#### [Study material]
* * *

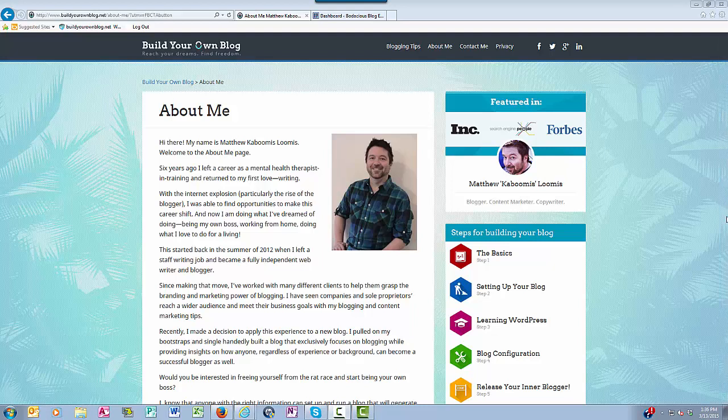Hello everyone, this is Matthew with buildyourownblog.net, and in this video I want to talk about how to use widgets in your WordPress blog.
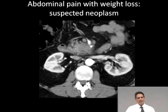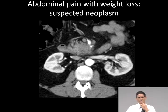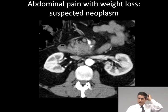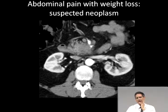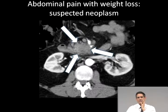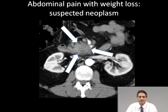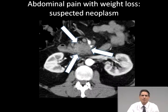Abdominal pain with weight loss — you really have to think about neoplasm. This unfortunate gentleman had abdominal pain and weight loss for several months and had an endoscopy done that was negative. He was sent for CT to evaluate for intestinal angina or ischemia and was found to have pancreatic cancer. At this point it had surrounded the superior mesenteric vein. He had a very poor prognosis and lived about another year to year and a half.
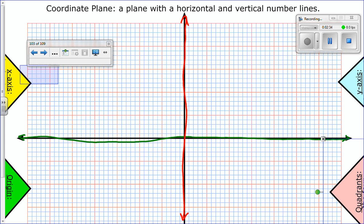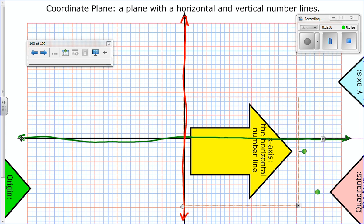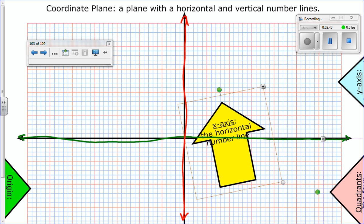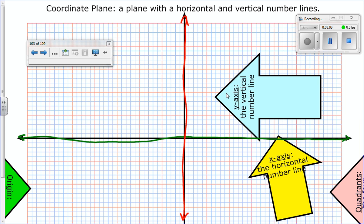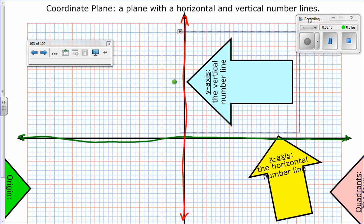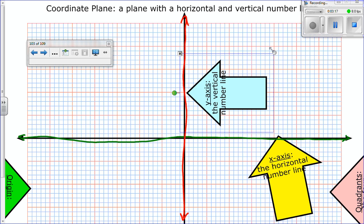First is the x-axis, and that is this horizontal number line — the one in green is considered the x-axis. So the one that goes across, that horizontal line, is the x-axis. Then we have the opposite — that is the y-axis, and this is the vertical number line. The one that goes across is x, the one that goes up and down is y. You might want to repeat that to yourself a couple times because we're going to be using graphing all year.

* * *

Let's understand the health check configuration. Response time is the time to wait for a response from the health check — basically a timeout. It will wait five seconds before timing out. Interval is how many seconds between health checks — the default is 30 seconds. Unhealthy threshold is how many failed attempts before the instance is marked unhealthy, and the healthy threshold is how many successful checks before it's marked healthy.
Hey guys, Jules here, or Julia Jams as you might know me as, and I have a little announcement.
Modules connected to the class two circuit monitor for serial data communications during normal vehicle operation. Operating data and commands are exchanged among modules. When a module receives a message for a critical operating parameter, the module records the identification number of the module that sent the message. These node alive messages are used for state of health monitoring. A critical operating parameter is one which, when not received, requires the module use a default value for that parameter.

* * *

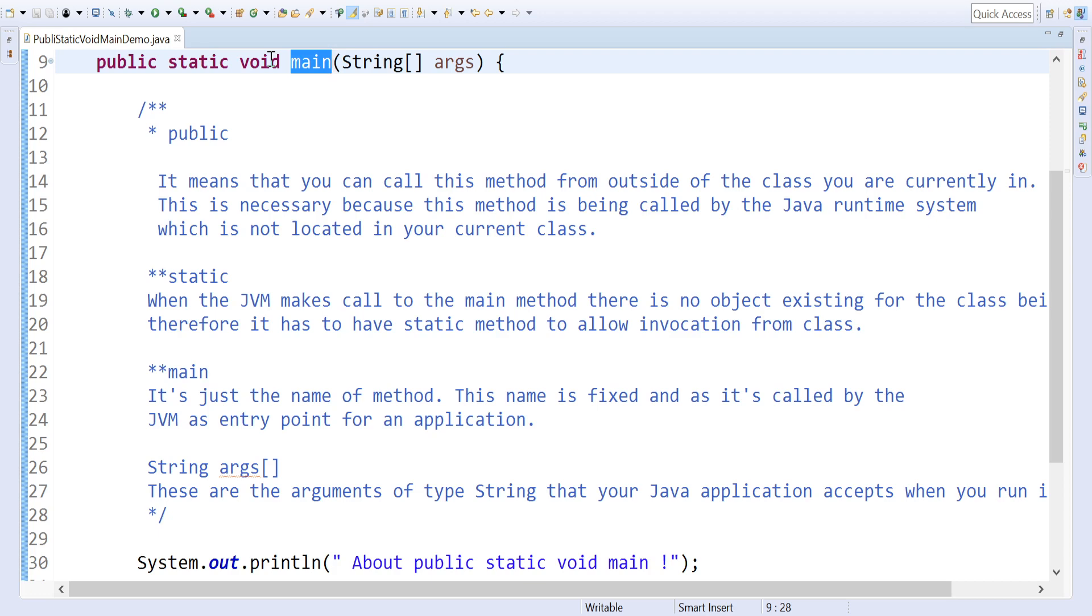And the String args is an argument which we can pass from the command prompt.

* * *

#### [Task details]
In the data above, take the line with "Hello everyone, this", the line with "Abdominal pain with", and every line between, and set them down exactly without pictures.

#### [Exercise answer]
Hello everyone, this is Matthew with buildyourownblog.net, and in this video I want to talk about how to use widgets in your WordPress blog.
Abdominal pain with weight loss — you really have to think about neoplasm. This unfortunate gentleman had abdominal pain and weight loss for several months and had an endoscopy done that was negative. He was sent for CT to evaluate for intestinal angina or ischemia and was found to have pancreatic cancer. At this point it had surrounded the superior mesenteric vein. He had a very poor prognosis and lived about another year to year and a half.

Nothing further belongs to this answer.